For many SME manufacturers across New Zealand, HR often sits somewhere between “important” and “we’ll deal with that later.”

Until something goes wrong.

Usually, it starts innocently enough. A long-serving employee doesn’t adapt well to a new production system. A supervisor changes shifts without documenting it properly. A restructure conversation happens beside the smoko room pie warmer instead of through a formal consultation process.

Then suddenly, the business owner who once said, “We don’t really need HR,” is urgently Googling employment lawyers at 10pm on a Thursday night.

Welcome to modern manufacturing.

Keeping Up With Change

Across New Zealand, manufacturers are under enormous pressure to improve productivity, manage labour shortages, adopt automation, and stay commercially competitive. AI-enabled workflows, flexible rostering, multi-skilled teams, and operational restructures are becoming normal business practice.

The problem is many employment practices haven’t evolved at the same pace.

A surprising number of SMEs are still operating with employment agreements written five or even ten years ago. Back then, nobody was talking about AI tools, hybrid operational models, digital monitoring, or employees working across multiple production functions.

Today, however, many businesses are asking staff to be more flexible than ever while the paperwork still reflects a very different workplace.

That creates risk.

And not just legal risk.

Poorly managed workplace change can quickly become a business continuity issue. Personal grievance claims, mediation costs, staff turnover, absenteeism, damaged morale, and production disruption all carry real financial consequences. In smaller manufacturing businesses, losing one experienced operator or supervisor can have a bigger operational impact than losing an entire department in a large corporate.

Reactive HR and Growing Risks

To be fair, most SME manufacturers are not intentionally ignoring compliance obligations. They are busy running factories, managing supply chains, dealing with rising costs, and trying to keep production moving.

HR often becomes reactive rather than strategic.

And that’s understandable.

Because let’s be honest; nobody starts a manufacturing business dreaming about disciplinary meetings or consultation documentation.

You start because you’re good at making things.

But employment law in New Zealand doesn’t really care whether you meant well. If a workplace process isn’t handled correctly, businesses can still find themselves exposed.

This becomes especially risky during periods of operational change. Shift redesigns, restructures, automation projects, and role changes all require careful communication and proper consultation under NZ employment law. Rushed conversations or “handshake arrangements” that worked twenty years ago are far less defensible in today’s environment.

There is also another growing challenge: frontline leadership capability.

Many manufacturing supervisors are excellent technically but have never been formally trained in people management. They can run a production line with military precision but may struggle with difficult conversations, documentation, or understanding consultation obligations.

That’s not criticism. It’s reality in many SMEs.

Practical HR as Risk Management

The good news is strong HR practices do not need to be overly corporate or complicated. Good HR is often simply good operational discipline applied to people.

Clear contracts. Consistent communication. Documented processes. Proper consultation. Managers who understand how to handle change professionally.

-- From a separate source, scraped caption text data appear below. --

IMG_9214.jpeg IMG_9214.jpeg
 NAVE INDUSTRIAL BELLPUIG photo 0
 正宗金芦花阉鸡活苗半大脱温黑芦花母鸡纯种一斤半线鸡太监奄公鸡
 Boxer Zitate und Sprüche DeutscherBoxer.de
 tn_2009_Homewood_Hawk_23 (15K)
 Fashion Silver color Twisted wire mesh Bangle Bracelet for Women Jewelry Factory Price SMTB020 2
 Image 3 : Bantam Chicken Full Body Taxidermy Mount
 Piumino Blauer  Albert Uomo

That’s not bureaucracy. That’s risk management.

At HR Today (www.hrtoday.co.nz), we are seeing more SME manufacturers looking for HR support that is practical, affordable, and accessible, not overly corporate or loaded with jargon. More importantly, businesses want HR support that understands their operation, their people, and their culture.

Because HR at the end of the phone is not always a solution.

Manufacturing businesses often need support that can be on-site when required, working alongside managers and business owners in real time. Whether it is navigating a difficult employee conversation, supporting a restructure process, helping a frontline leader manage performance issues, or simply understanding the pressures of a production environment, context matters.

Every manufacturing business has its own rhythm, personalities, and way of operating. Generic advice from someone who has never stepped foot on the factory floor rarely delivers the same outcome as practical support from someone who understands the realities of the business.

Because the reality is this: most business owners only truly appreciate HR after experiencing a serious workplace issue. By then, however, the cost is usually far greater than the investment required to get things right early.

You may not always like HR.

But when you need it, you really need it.